Source records:
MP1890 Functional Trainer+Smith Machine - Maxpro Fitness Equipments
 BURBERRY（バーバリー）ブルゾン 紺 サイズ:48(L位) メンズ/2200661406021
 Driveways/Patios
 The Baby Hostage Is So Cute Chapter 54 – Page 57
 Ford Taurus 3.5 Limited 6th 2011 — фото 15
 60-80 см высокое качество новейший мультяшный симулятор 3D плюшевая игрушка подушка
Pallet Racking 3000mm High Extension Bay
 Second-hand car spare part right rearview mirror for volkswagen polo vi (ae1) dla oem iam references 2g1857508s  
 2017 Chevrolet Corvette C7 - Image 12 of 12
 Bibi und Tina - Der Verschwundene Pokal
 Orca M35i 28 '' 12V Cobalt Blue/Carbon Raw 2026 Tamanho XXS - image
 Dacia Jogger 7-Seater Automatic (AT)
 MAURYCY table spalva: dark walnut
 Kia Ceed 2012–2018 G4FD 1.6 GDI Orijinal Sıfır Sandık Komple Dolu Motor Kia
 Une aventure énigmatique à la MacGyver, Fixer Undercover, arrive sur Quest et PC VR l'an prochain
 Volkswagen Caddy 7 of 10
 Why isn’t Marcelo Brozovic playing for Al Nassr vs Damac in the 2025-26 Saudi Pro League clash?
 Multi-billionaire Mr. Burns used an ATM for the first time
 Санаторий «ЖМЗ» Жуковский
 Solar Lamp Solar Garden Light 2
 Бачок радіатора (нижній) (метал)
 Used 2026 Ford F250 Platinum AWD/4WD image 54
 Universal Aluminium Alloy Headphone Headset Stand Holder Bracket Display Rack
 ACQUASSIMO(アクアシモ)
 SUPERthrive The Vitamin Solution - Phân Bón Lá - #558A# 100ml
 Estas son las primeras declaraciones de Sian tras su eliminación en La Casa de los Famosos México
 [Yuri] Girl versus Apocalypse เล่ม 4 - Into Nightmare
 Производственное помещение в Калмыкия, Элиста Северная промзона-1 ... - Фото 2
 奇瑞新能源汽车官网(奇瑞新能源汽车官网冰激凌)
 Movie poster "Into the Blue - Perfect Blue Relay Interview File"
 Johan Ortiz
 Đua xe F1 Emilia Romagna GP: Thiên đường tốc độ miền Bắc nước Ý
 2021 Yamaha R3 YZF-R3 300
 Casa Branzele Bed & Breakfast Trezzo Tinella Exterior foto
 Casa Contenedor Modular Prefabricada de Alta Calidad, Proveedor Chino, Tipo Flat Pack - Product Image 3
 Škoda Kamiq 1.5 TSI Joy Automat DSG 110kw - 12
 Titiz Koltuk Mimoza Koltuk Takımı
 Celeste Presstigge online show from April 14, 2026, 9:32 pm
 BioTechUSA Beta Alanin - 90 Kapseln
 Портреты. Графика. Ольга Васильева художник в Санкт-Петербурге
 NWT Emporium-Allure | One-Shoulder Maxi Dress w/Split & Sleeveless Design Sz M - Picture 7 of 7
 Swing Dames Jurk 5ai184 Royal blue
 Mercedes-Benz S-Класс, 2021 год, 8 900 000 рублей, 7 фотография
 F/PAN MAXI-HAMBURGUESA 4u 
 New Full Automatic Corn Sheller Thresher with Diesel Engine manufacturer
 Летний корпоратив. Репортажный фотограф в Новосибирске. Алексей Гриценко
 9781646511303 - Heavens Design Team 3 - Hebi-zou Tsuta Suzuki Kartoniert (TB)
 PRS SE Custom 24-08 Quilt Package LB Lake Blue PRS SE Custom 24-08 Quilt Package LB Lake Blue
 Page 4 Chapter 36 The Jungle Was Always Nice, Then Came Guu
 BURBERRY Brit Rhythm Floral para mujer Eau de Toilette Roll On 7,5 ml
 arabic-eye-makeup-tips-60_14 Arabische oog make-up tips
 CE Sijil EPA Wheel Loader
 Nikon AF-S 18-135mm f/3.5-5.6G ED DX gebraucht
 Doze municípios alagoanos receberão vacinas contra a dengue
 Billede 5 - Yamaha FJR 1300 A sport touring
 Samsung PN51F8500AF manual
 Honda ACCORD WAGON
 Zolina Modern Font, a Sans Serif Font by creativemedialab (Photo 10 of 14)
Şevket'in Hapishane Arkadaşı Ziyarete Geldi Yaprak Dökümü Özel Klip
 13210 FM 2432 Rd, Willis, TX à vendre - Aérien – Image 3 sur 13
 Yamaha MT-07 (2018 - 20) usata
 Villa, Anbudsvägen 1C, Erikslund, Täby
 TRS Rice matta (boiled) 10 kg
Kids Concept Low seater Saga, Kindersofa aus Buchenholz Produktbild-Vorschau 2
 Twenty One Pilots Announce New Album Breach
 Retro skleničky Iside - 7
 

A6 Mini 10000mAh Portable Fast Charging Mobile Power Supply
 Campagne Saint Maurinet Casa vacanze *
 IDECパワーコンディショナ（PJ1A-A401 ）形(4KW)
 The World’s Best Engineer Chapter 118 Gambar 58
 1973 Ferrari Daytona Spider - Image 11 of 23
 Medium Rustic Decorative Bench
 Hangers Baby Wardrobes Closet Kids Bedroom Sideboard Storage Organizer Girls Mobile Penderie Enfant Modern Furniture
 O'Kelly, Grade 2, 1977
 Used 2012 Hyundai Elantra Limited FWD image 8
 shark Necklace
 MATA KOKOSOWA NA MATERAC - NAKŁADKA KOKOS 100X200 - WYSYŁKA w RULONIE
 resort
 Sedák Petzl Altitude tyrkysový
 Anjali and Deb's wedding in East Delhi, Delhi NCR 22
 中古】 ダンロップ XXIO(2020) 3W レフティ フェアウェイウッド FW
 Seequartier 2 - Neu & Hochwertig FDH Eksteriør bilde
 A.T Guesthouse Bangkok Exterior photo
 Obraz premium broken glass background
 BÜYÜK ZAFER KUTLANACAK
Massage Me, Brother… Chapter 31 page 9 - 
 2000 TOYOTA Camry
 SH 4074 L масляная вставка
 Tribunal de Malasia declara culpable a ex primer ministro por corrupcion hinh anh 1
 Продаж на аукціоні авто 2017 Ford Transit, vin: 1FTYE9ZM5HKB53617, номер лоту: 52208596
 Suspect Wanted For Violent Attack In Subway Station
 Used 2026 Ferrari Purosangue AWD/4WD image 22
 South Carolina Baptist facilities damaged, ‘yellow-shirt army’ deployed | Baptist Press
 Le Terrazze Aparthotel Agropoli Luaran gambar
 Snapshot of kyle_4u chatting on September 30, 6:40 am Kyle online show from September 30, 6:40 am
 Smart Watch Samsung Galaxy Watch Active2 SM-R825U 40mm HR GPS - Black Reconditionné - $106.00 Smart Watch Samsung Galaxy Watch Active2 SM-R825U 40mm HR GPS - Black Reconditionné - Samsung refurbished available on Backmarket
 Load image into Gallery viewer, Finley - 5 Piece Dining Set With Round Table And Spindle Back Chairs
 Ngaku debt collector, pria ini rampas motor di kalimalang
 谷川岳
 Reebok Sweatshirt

WHAT TO WORK ON: The whole block of entries above should be repeated exactly.

EXERCISE SOLUTION:
MP1890 Functional Trainer+Smith Machine - Maxpro Fitness Equipments
 BURBERRY（バーバリー）ブルゾン 紺 サイズ:48(L位) メンズ/2200661406021
 Driveways/Patios
 The Baby Hostage Is So Cute Chapter 54 – Page 57
 Ford Taurus 3.5 Limited 6th 2011 — фото 15
 60-80 см высокое качество новейший мультяшный симулятор 3D плюшевая игрушка подушка
Pallet Racking 3000mm High Extension Bay
 Second-hand car spare part right rearview mirror for volkswagen polo vi (ae1) dla oem iam references 2g1857508s  
 2017 Chevrolet Corvette C7 - Image 12 of 12
 Bibi und Tina - Der Verschwundene Pokal
 Orca M35i 28 '' 12V Cobalt Blue/Carbon Raw 2026 Tamanho XXS - image
 Dacia Jogger 7-Seater Automatic (AT)
 MAURYCY table spalva: dark walnut
 Kia Ceed 2012–2018 G4FD 1.6 GDI Orijinal Sıfır Sandık Komple Dolu Motor Kia
 Une aventure énigmatique à la MacGyver, Fixer Undercover, arrive sur Quest et PC VR l'an prochain
 Volkswagen Caddy 7 of 10
 Why isn’t Marcelo Brozovic playing for Al Nassr vs Damac in the 2025-26 Saudi Pro League clash?
 Multi-billionaire Mr. Burns used an ATM for the first time
 Санаторий «ЖМЗ» Жуковский
 Solar Lamp Solar Garden Light 2
 Бачок радіатора (нижній) (метал)
 Used 2026 Ford F250 Platinum AWD/4WD image 54
 Universal Aluminium Alloy Headphone Headset Stand Holder Bracket Display Rack
 ACQUASSIMO(アクアシモ)
 SUPERthrive The Vitamin Solution - Phân Bón Lá - #558A# 100ml
 Estas son las primeras declaraciones de Sian tras su eliminación en La Casa de los Famosos México
 [Yuri] Girl versus Apocalypse เล่ม 4 - Into Nightmare
 Производственное помещение в Калмыкия, Элиста Северная промзона-1 ... - Фото 2
 奇瑞新能源汽车官网(奇瑞新能源汽车官网冰激凌)
 Movie poster "Into the Blue - Perfect Blue Relay Interview File"
 Johan Ortiz
 Đua xe F1 Emilia Romagna GP: Thiên đường tốc độ miền Bắc nước Ý
 2021 Yamaha R3 YZF-R3 300
 Casa Branzele Bed & Breakfast Trezzo Tinella Exterior foto
 Casa Contenedor Modular Prefabricada de Alta Calidad, Proveedor Chino, Tipo Flat Pack - Product Image 3
 Škoda Kamiq 1.5 TSI Joy Automat DSG 110kw - 12
 Titiz Koltuk Mimoza Koltuk Takımı
 Celeste Presstigge online show from April 14, 2026, 9:32 pm
 BioTechUSA Beta Alanin - 90 Kapseln
 Портреты. Графика. Ольга Васильева художник в Санкт-Петербурге
 NWT Emporium-Allure | One-Shoulder Maxi Dress w/Split & Sleeveless Design Sz M - Picture 7 of 7
 Swing Dames Jurk 5ai184 Royal blue
 Mercedes-Benz S-Класс, 2021 год, 8 900 000 рублей, 7 фотография
 F/PAN MAXI-HAMBURGUESA 4u 
 New Full Automatic Corn Sheller Thresher with Diesel Engine manufacturer
 Летний корпоратив. Репортажный фотограф в Новосибирске. Алексей Гриценко
 9781646511303 - Heavens Design Team 3 - Hebi-zou Tsuta Suzuki Kartoniert (TB)
 PRS SE Custom 24-08 Quilt Package LB Lake Blue PRS SE Custom 24-08 Quilt Package LB Lake Blue
 Page 4 Chapter 36 The Jungle Was Always Nice, Then Came Guu
 BURBERRY Brit Rhythm Floral para mujer Eau de Toilette Roll On 7,5 ml
 arabic-eye-makeup-tips-60_14 Arabische oog make-up tips
 CE Sijil EPA Wheel Loader
 Nikon AF-S 18-135mm f/3.5-5.6G ED DX gebraucht
 Doze municípios alagoanos receberão vacinas contra a dengue
 Billede 5 - Yamaha FJR 1300 A sport touring
 Samsung PN51F8500AF manual
 Honda ACCORD WAGON
 Zolina Modern Font, a Sans Serif Font by creativemedialab (Photo 10 of 14)
Şevket'in Hapishane Arkadaşı Ziyarete Geldi Yaprak Dökümü Özel Klip
 13210 FM 2432 Rd, Willis, TX à vendre - Aérien – Image 3 sur 13
 Yamaha MT-07 (2018 - 20) usata
 Villa, Anbudsvägen 1C, Erikslund, Täby
 TRS Rice matta (boiled) 10 kg
Kids Concept Low seater Saga, Kindersofa aus Buchenholz Produktbild-Vorschau 2
 Twenty One Pilots Announce New Album Breach
 Retro skleničky Iside - 7
 

A6 Mini 10000mAh Portable Fast Charging Mobile Power Supply
 Campagne Saint Maurinet Casa vacanze *
 IDECパワーコンディショナ（PJ1A-A401 ）形(4KW)
 The World’s Best Engineer Chapter 118 Gambar 58
 1973 Ferrari Daytona Spider - Image 11 of 23
 Medium Rustic Decorative Bench
 Hangers Baby Wardrobes Closet Kids Bedroom Sideboard Storage Organizer Girls Mobile Penderie Enfant Modern Furniture
 O'Kelly, Grade 2, 1977
 Used 2012 Hyundai Elantra Limited FWD image 8
 shark Necklace
 MATA KOKOSOWA NA MATERAC - NAKŁADKA KOKOS 100X200 - WYSYŁKA w RULONIE
 resort
 Sedák Petzl Altitude tyrkysový
 Anjali and Deb's wedding in East Delhi, Delhi NCR 22
 中古】 ダンロップ XXIO(2020) 3W レフティ フェアウェイウッド FW
 Seequartier 2 - Neu & Hochwertig FDH Eksteriør bilde
 A.T Guesthouse Bangkok Exterior photo
 Obraz premium broken glass background
 BÜYÜK ZAFER KUTLANACAK
Massage Me, Brother… Chapter 31 page 9 - 
 2000 TOYOTA Camry
 SH 4074 L масляная вставка
 Tribunal de Malasia declara culpable a ex primer ministro por corrupcion hinh anh 1
 Продаж на аукціоні авто 2017 Ford Transit, vin: 1FTYE9ZM5HKB53617, номер лоту: 52208596
 Suspect Wanted For Violent Attack In Subway Station
 Used 2026 Ferrari Purosangue AWD/4WD image 22
 South Carolina Baptist facilities damaged, ‘yellow-shirt army’ deployed | Baptist Press
 Le Terrazze Aparthotel Agropoli Luaran gambar
 Snapshot of kyle_4u chatting on September 30, 6:40 am Kyle online show from September 30, 6:40 am
 Smart Watch Samsung Galaxy Watch Active2 SM-R825U 40mm HR GPS - Black Reconditionné - $106.00 Smart Watch Samsung Galaxy Watch Active2 SM-R825U 40mm HR GPS - Black Reconditionné - Samsung refurbished available on Backmarket
 Load image into Gallery viewer, Finley - 5 Piece Dining Set With Round Table And Spindle Back Chairs
 Ngaku debt collector, pria ini rampas motor di kalimalang
 谷川岳
 Reebok Sweatshirt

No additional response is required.